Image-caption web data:
........
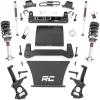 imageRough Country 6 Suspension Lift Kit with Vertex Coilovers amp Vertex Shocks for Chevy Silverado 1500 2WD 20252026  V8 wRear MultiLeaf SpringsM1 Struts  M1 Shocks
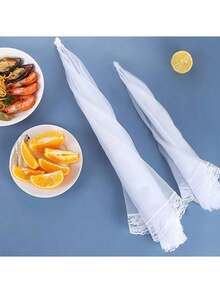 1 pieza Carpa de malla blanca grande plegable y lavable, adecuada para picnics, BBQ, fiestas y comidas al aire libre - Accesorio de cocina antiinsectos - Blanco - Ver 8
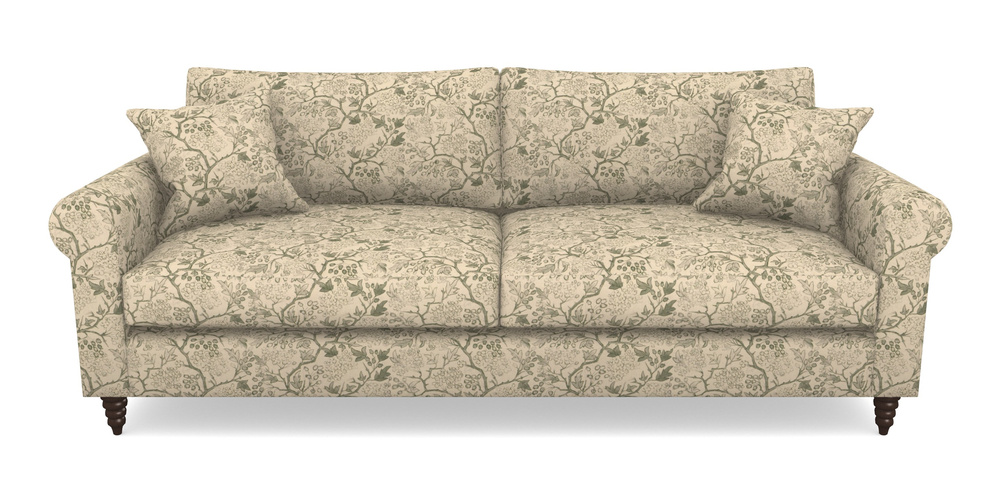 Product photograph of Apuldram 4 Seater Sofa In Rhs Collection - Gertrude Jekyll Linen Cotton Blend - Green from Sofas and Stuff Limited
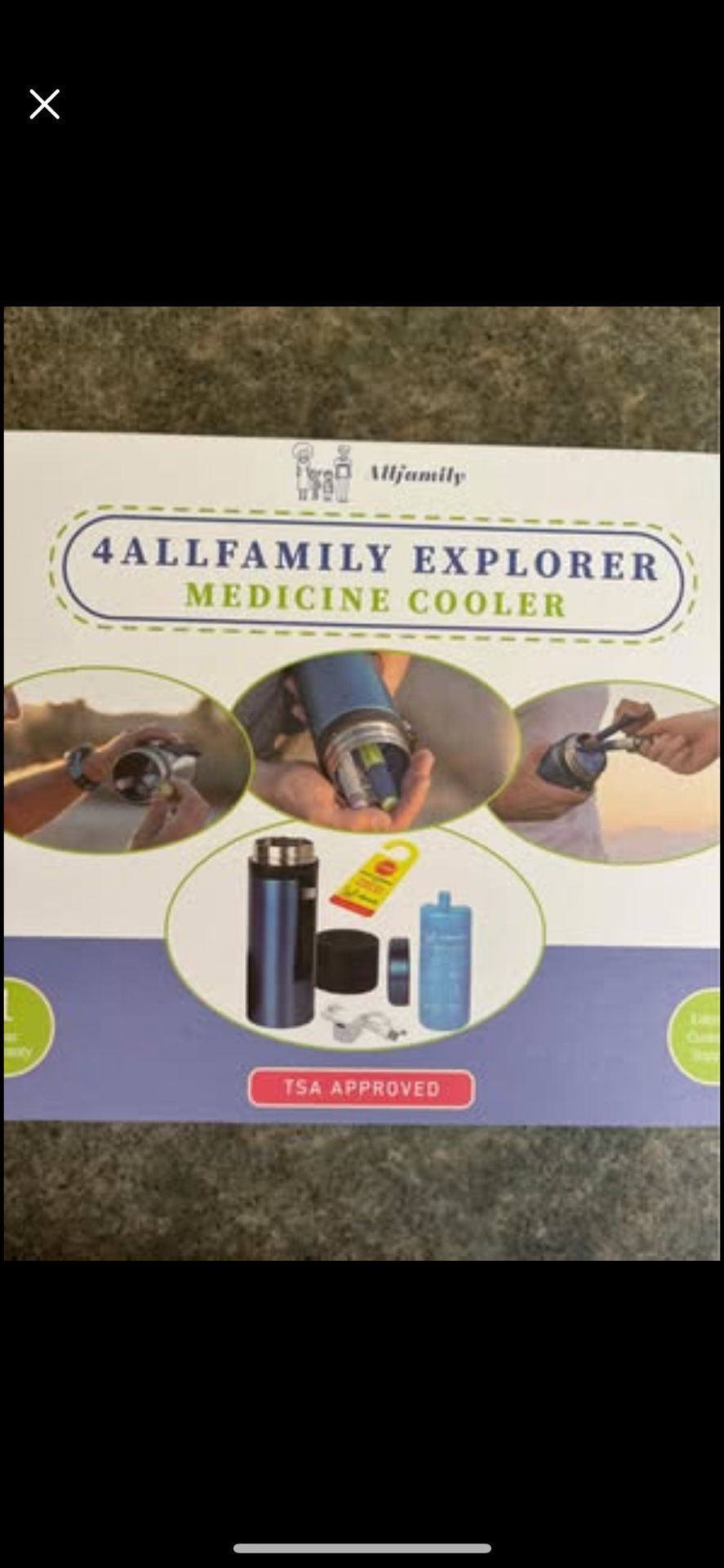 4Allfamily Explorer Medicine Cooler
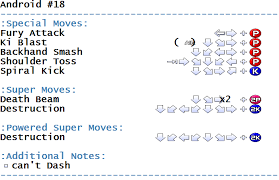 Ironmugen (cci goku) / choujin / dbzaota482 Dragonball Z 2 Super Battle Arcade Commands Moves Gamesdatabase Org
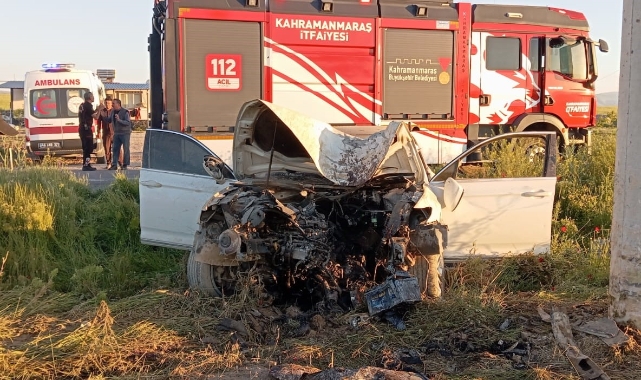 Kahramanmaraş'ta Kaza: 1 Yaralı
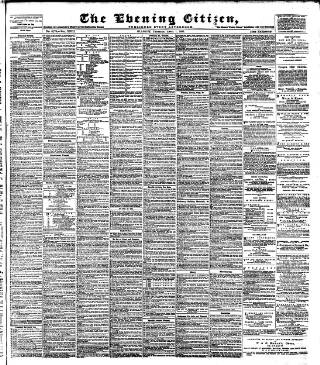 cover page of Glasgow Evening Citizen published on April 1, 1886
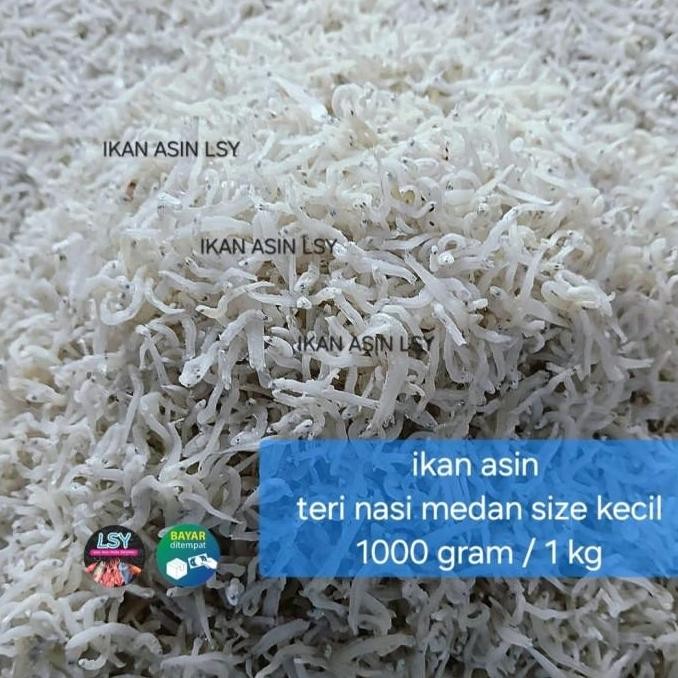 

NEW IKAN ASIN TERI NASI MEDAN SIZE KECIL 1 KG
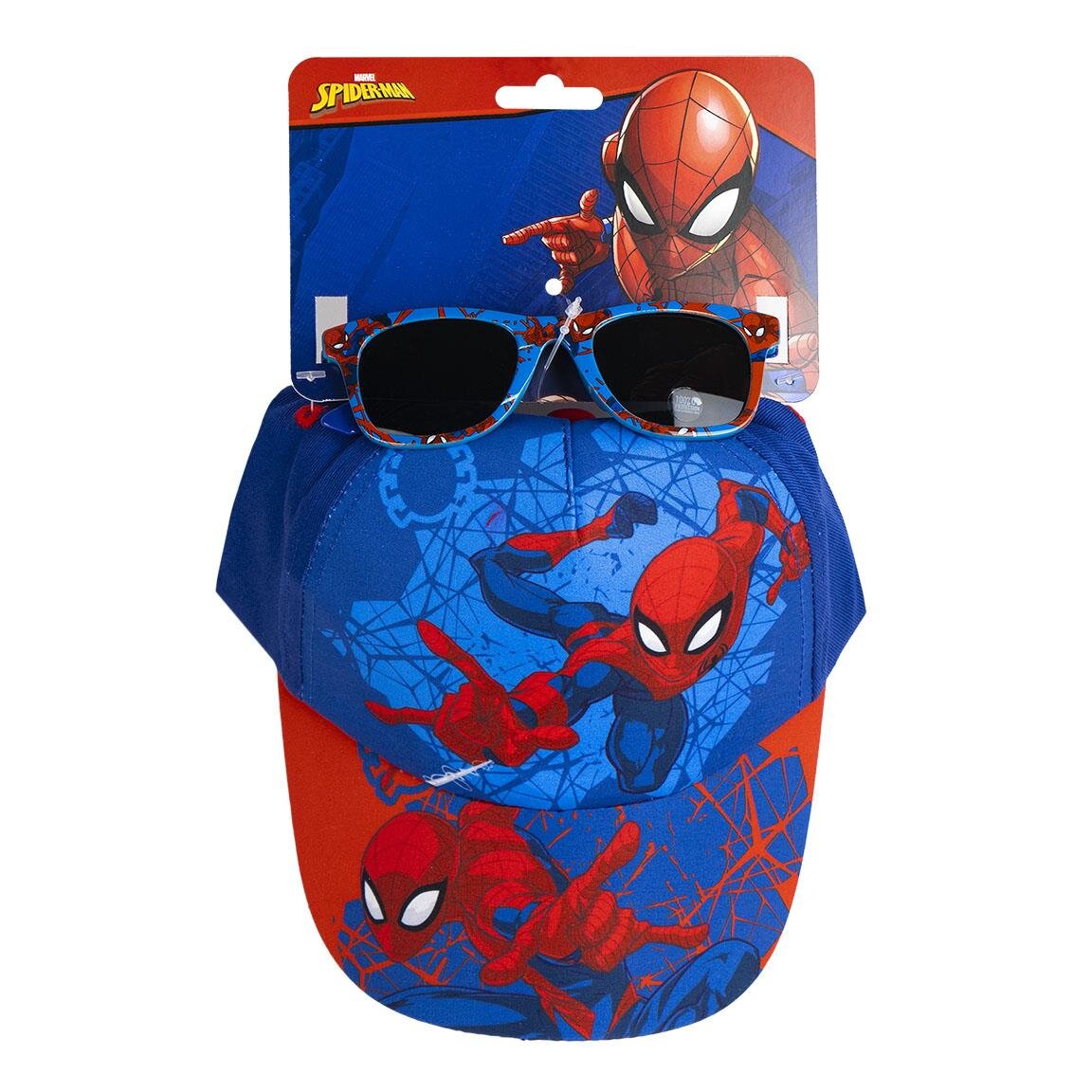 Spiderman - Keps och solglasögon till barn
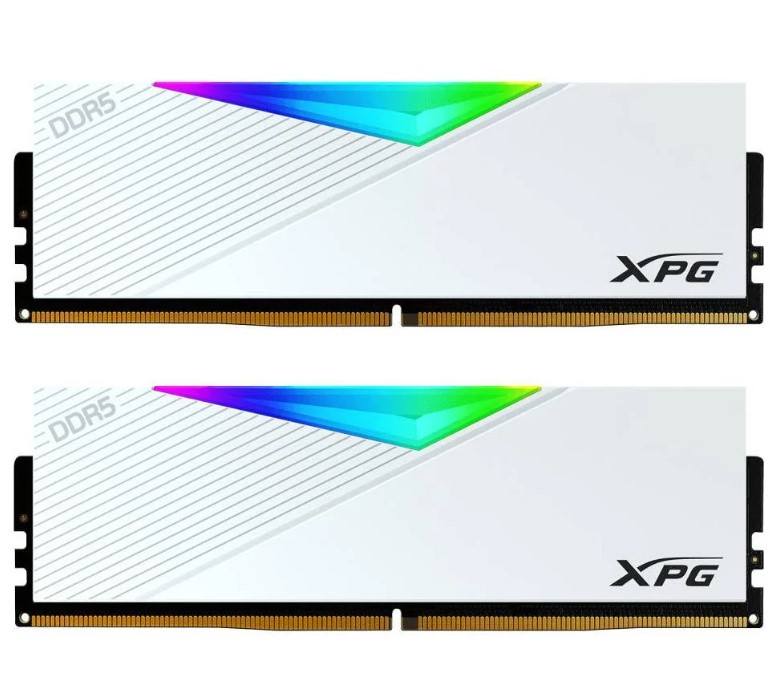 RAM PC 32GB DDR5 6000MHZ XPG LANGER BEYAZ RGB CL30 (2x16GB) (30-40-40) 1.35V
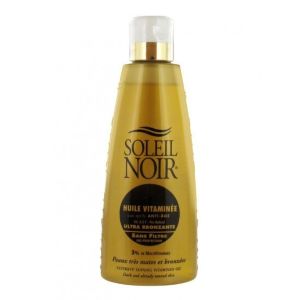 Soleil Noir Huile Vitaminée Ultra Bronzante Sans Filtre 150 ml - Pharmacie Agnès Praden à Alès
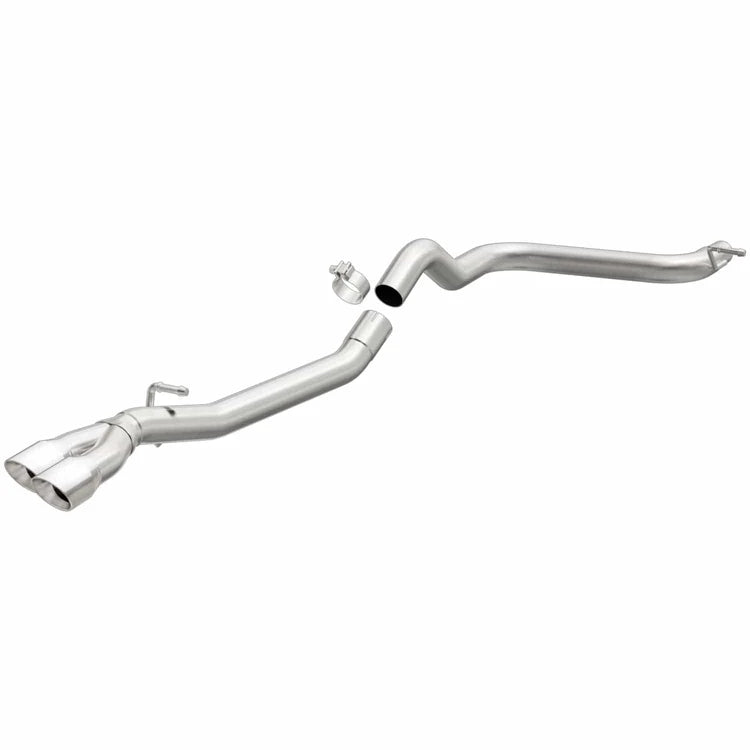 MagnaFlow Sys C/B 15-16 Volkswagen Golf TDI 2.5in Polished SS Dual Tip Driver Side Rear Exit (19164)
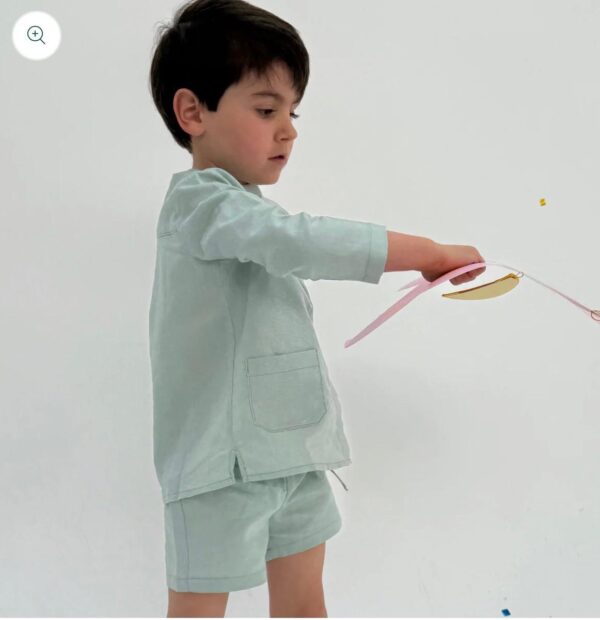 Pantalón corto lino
........
**WORK TO BE COMPLETED**
Copy out all the entries precisely. No images.

**EXERCISE RESPONSE**
 imageRough Country 6 Suspension Lift Kit with Vertex Coilovers amp Vertex Shocks for Chevy Silverado 1500 2WD 20252026  V8 wRear MultiLeaf SpringsM1 Struts  M1 Shocks
 1 pieza Carpa de malla blanca grande plegable y lavable, adecuada para picnics, BBQ, fiestas y comidas al aire libre - Accesorio de cocina antiinsectos - Blanco - Ver 8
 Product photograph of Apuldram 4 Seater Sofa In Rhs Collection - Gertrude Jekyll Linen Cotton Blend - Green from Sofas and Stuff Limited
 4Allfamily Explorer Medicine Cooler
 Ironmugen (cci goku) / choujin / dbzaota482 Dragonball Z 2 Super Battle Arcade Commands Moves Gamesdatabase Org
 Kahramanmaraş'ta Kaza: 1 Yaralı
 cover page of Glasgow Evening Citizen published on April 1, 1886

NEW IKAN ASIN TERI NASI MEDAN SIZE KECIL 1 KG
 Spiderman - Keps och solglasögon till barn
 RAM PC 32GB DDR5 6000MHZ XPG LANGER BEYAZ RGB CL30 (2x16GB) (30-40-40) 1.35V
 Soleil Noir Huile Vitaminée Ultra Bronzante Sans Filtre 150 ml - Pharmacie Agnès Praden à Alès
 MagnaFlow Sys C/B 15-16 Volkswagen Golf TDI 2.5in Polished SS Dual Tip Driver Side Rear Exit (19164)
 Pantalón corto lino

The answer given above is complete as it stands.